Onshore wind turbine towers can be divided into six categories: tubular steel; "conventional" lattice steel; concrete-steel hybrid; full concrete; new-generation lattice steel; and bolted steel-shell.
Tubular steel towers are considered an economic overall solution and typically come in two to four bolted sections. Maximum tower foot diameter has until recently been typically limited to 4.1-4.3 metres to allow for road transport logistics, accessing railway crossings and tunnels. This limitation in practice curbs hub height to about 100 metres. Where suppliers raise the hub to around 120 metres, the steel tower walls must be thickened, which have a negative impact on the mass of the structure and the cost.

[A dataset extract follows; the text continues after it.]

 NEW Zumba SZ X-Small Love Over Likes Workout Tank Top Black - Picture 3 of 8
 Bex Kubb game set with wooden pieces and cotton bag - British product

A new industry trend is for tubular steel towers with a large foot diameter. The 8MW Vestas prototype's tower, for example, measures 6.5 metres at the base and 4.5 metres at the top. These measurements are only feasible when traditional road transport bottlenecks are not involved, such as at coastal locations where access is easy by vessels and unobstructed roads. At least one supplier other than Vestas has indicated considering high, wide-base tubular steel towers for coastal forested projects in Scandinavia.
Traditional four-legged lattice steel towers enjoyed some popularity in the past in Europe for combining high hubs with uncomplicated design, easy transport logistics and favourable mass and costs. But the assembly process is time-consuming and regular bolt torque checks add to the lifecycle cost. The appearance further hampered the spread of lattice towers in Europe, but they proved popular in the US.

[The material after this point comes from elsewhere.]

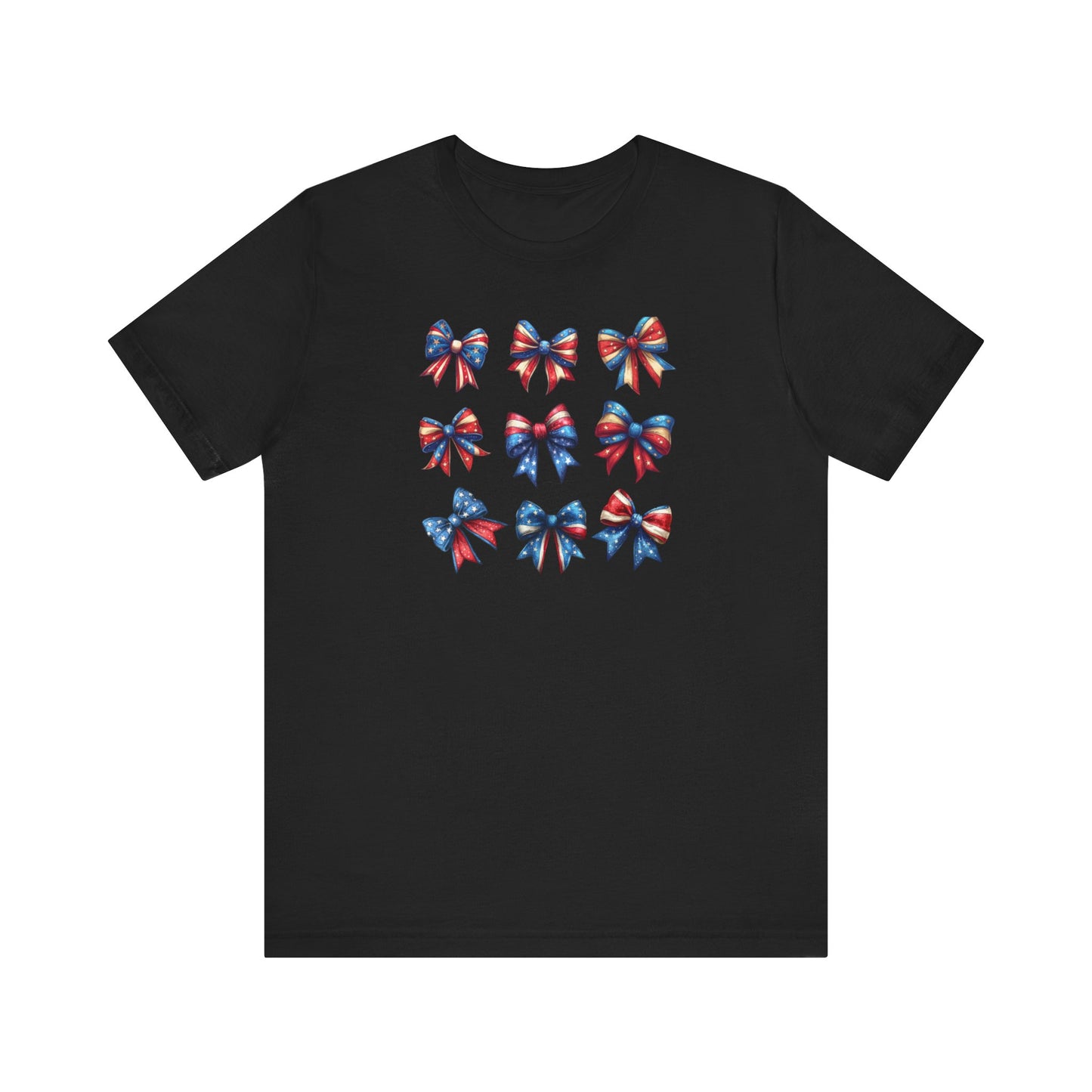 Patriotic Bows Tee, Unisex Jersey T-Shirt, 4th of July Shirt, Red White and Blue Top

A new steel lattice tower design is seen in GE's five-legged spaceframe tower, which offers a 139-metre hub height for the company's latest 2.75-120 low-wind model. Its maintenance-free bolt joints used in bridge-building do not require regular re-tensioning or checks. Unlike the lattice towers of the past, GE's spaceframe is clothed in plastic fabric to protect the elevator, power electronics, and either the transformer or battery storage system or both from the weather.
Enercon has pioneered the use of concrete towers. After initially applying modular cylindrical towers and in-situ manufactured coning concrete towers, a final switch was made to in-house manufacture of full concrete towers. These designs comprise multiple stapled prefab coning concrete rings, a steel adapter on top, and total assembly post-tensioning by steel cables.
Earlier this year Alstom introduced a 199-metre full concrete tower for its ECO 122 low-wind turbine, comprising 11 concrete sections and a base diameter of 7.2 metres. The novel installation method, again using bridge-building techniques, starts with the top sections, which it raises to insert lower section below.
Acciona's current main volume model is the AW116/3000 for IEC class IIA, available with a 120-metre concrete tower and representing over 50% of total sales. The use of concrete is successful in local content markets such as Brazil, where steel is expensive.
Enercon applies full concrete towers with steel adapter for its 7.5MW-E-126 turbine, but a concrete-steel hybrid is generally preferred for its smaller machines. Enercon offers its 3MW E-101 and E-115 series with hybrid towers for a hub height of 149 metres.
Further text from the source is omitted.